⟨

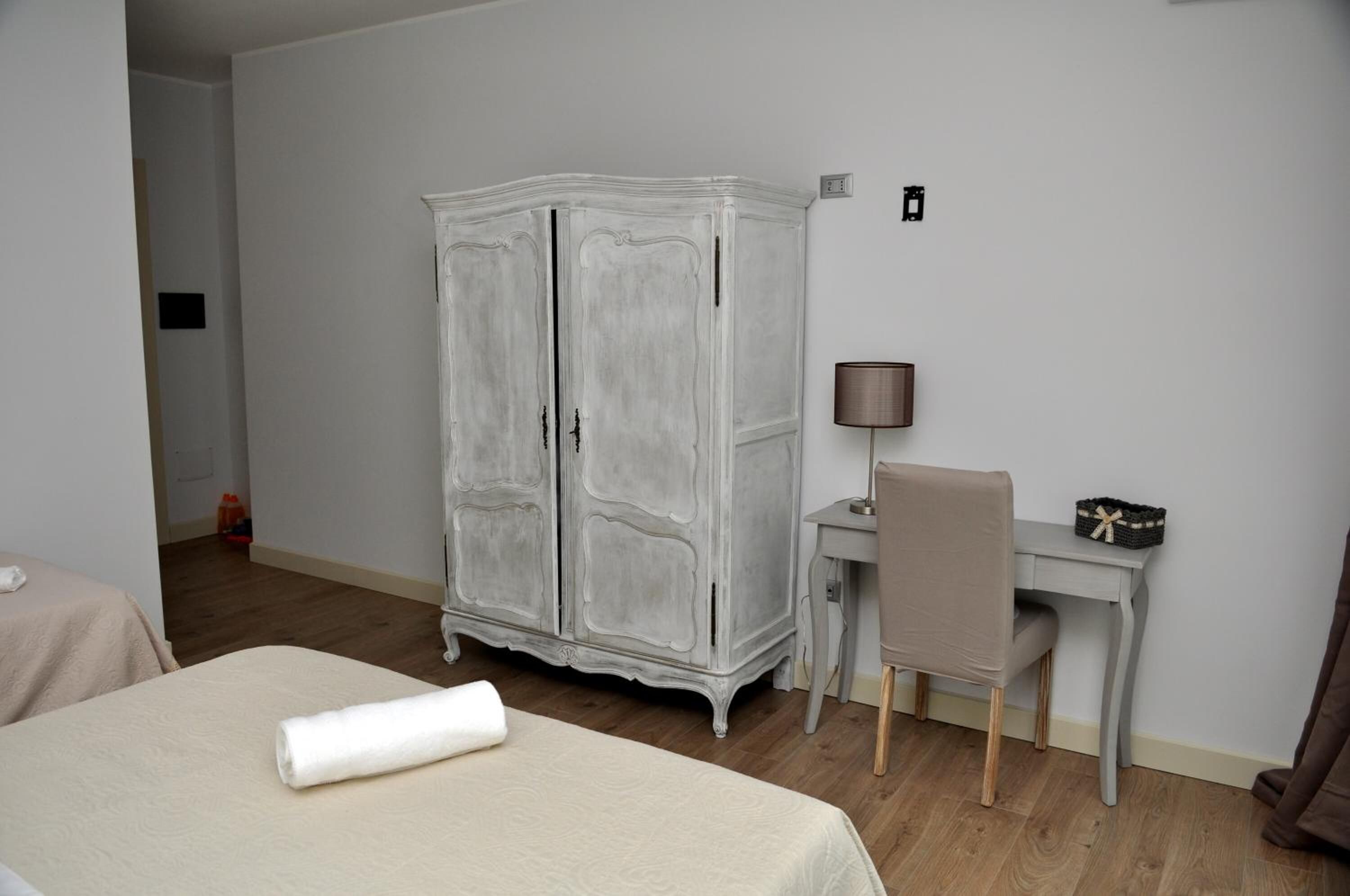Quarto de hotel com cama, escrivaninha, cadeira e guarda-roupa.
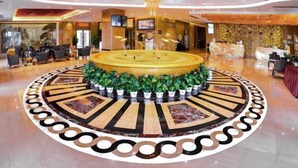 En lobby med et centralt cirkulært siddeområde, en receptionsdisk og en lysekrone.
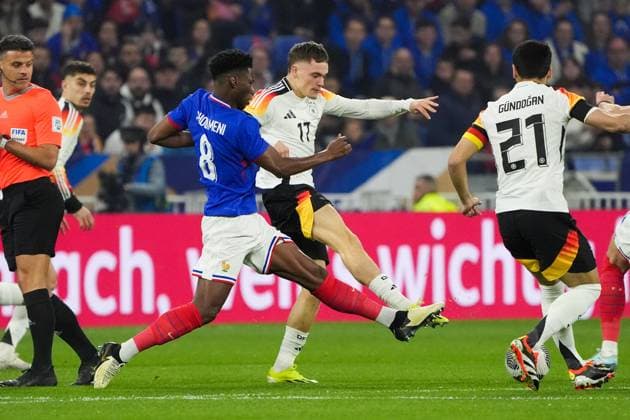 Florian Wirtz (Deutschland Germany) gegen Aurelien Tchouameni (Frankreich, France) - Lyon 23.03.2024: Frankreich vs. Deutschland, Groupama Stadium Lyon, Freundschaftspiel, Friendly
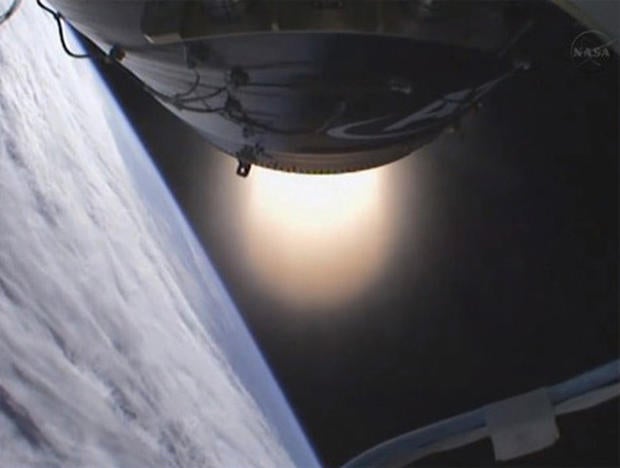 The Antares second-stage solid-fuel motor fires to push a dummy payload into orbit.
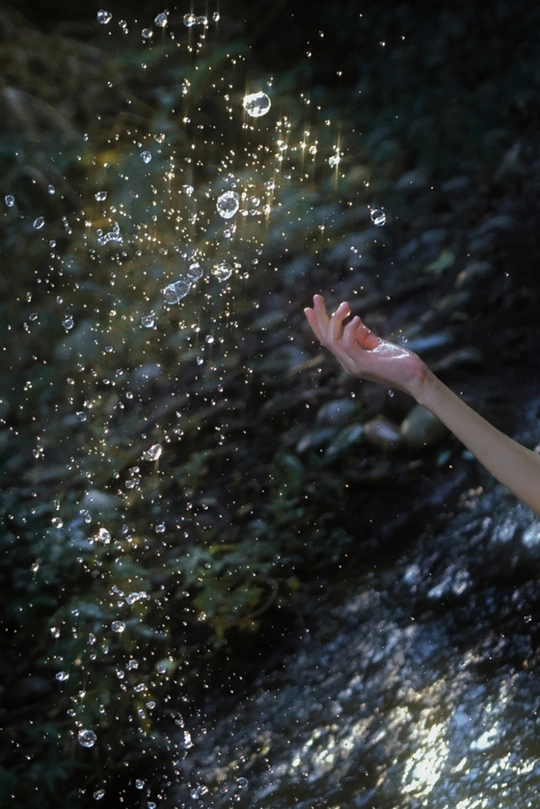 年轻女子在瀑布或小溪边的水中玩耍 小男孩伸出手去触摸泡泡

⟩

Restate the data word for word from its first line through the line with "En lobby med", leaving out any picture along the way.

** Solution to this exercise **
Quarto de hotel com cama, escrivaninha, cadeira e guarda-roupa.
 En lobby med et centralt cirkulært siddeområde, en receptionsdisk og en lysekrone.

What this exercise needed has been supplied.